John Mowbray Didcott was a South African judge who served in the Constitutional Court of South Africa from February 1995 until his death in October 1998.
25 Facts About John Didcott
John Didcott joined the bench in 1975 as a judge of the Natal Provincial Division, where he was known for defending human rights during the apartheid era.
John Didcott entered legal practice in 1956 as an advocate, leading a successful commercial law practice in Durban and taking silk in 1967.
John Didcott was chairperson of the Natal Bar from 1973 to 1975.
Between June 1975 and October 1994, John Didcott served as a judge of the Natal Division of the Supreme Court of South Africa, where he was particularly reputed for his progressive judgments in public and administrative law.

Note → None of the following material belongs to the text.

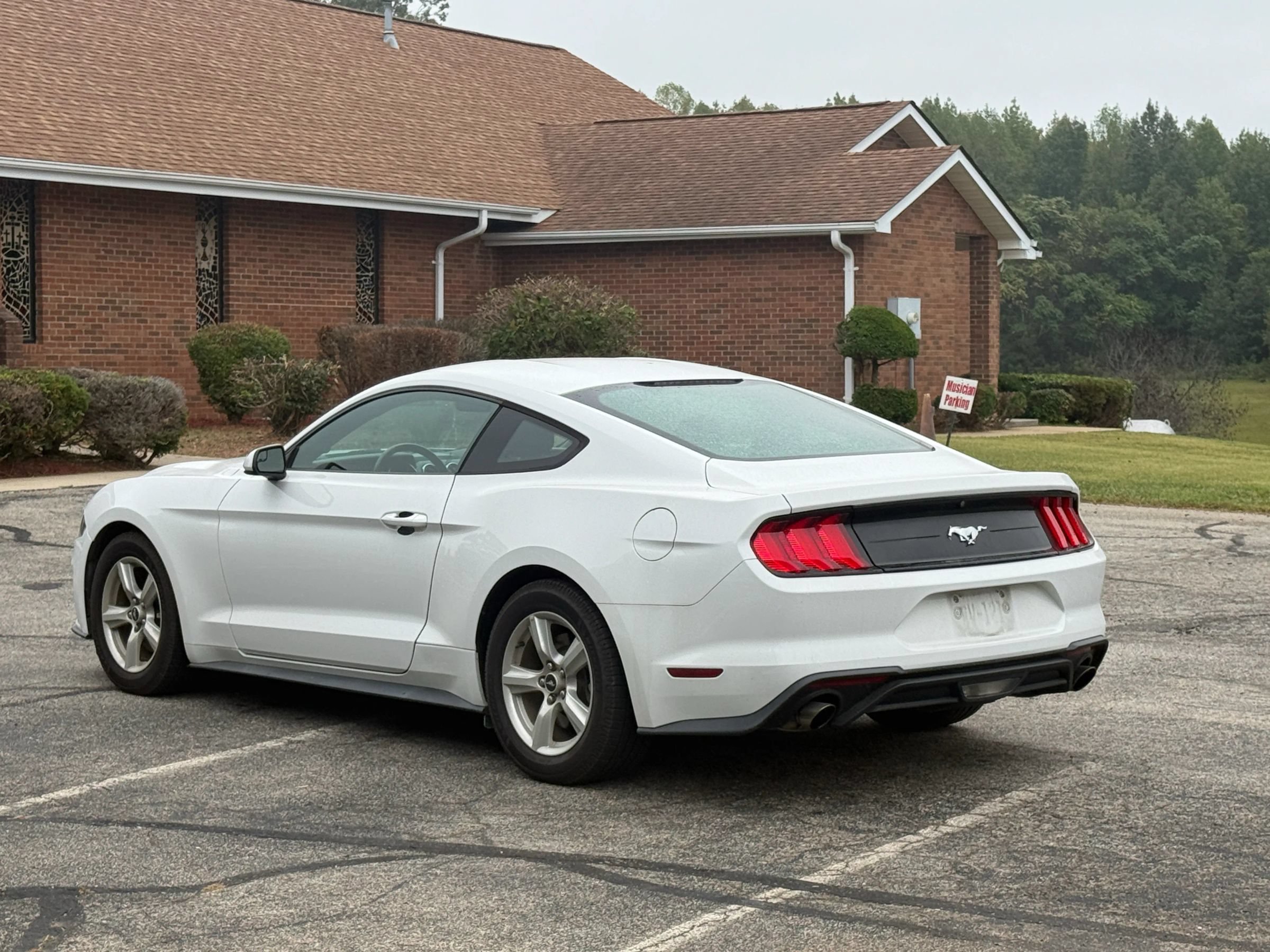Used 2018 Ford Mustang Coupe RWD image 5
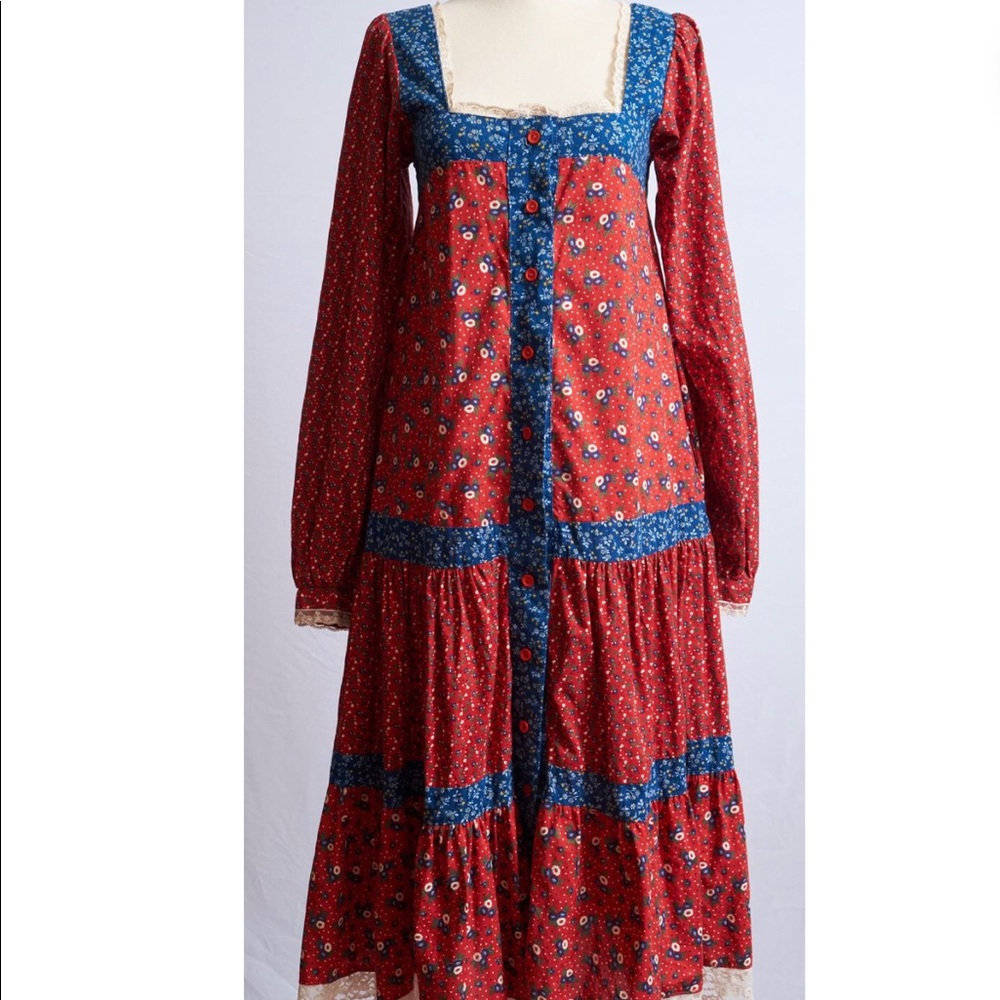 In search of this Gunne Sax dress!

John Didcott was a vocal opponent of capital punishment and famously never handed down a death sentence.
John Didcott served there for less than four years before his death from leukaemia in 1998.
John Didcott was born on 14 August 1931 in Durban in what was then the Natal Province.
John Didcott matriculated at Hilton College in 1948 and attended the University of Cape Town, where he completed a Bachelor of Arts in 1951 and a Bachelor of Laws in 1953.
John Didcott was admitted to the Bar in Cape Town on 26 February 1954, but did not enter practice; instead, he spent a year as a legal reporter for the Cape Argus, covering the Supreme Court of South Africa.
John Didcott left that position in 1955 to join a delegation of the International Student Conference on a tour of universities in southeast Asia.
In July 1956, John Didcott returned to his hometown to establish chambers at the Durban Bar.
John Didcott practised there for the next two decades, with the exception of several months in 1960, when, during the state of emergency that followed the Sharpeville massacre, he fled briefly to Southern Rhodesia to avoid the attention of the security police.
John Didcott had a successful commercial law practice in Durban, and he took silk on 19 July 1967.
On 16 June 1975, at the comparatively young age of 43, John Didcott joined the Natal bench permanently as a judge of the Supreme Court.
In 1983, when legal scholar Raymond Wacks encouraged all "moral judges" to resign in protest, John Didcott articulated his view on this subject in the Sunday Tribune, writing that:.
John Didcott wrote several significant judgments in civil cases, including Roffey v Catterall, on the onus of proof in restraint of trade disputes.
John Didcott was a well-known opponent of capital punishment; he was an overt supporter of the Society for the Abolition of the Death Penalty.
From August to December 1984, John Didcott was a visiting scholar at the Columbia Law School in New York, and that trip to the United States cemented his support for the development of a South African bill of rights akin to the American one.
The In re Dube judgment was admired both by Justice Richard Goldstone and by Chief Justice Arthur Chask n; indeed, Goldstone later said that John Didcott was his judicial "role model".
On 14 February 1995, John Didcott was sworn in as a judge of the Constitutional Court, alongside the rest of the court's inaugural bench.
John Didcott wrote seven majority judgments on behalf of the Constitutional Court: S v Ntuli, Luitingh v Minister of Defence, Case v Minister of Safety and Security, Ynuico v Minister of Trade and Industry, Mohlomi v Minister of Defence, JT Publishing v Minister of Safety and Security, and S v Vermaas; S v Du Plessis.
Similarly, in a concurring judgment in S v Makwanyane, John Didcott affirmed his lifelong opposition to the death penalty, which that case outlawed.
Seriously ill with leukaemia, John Didcott was absent from court for most of 1998, and he died on 20 October 1998 at his home in Durban.
John Didcott was married to Pam Didcott and had two daughters.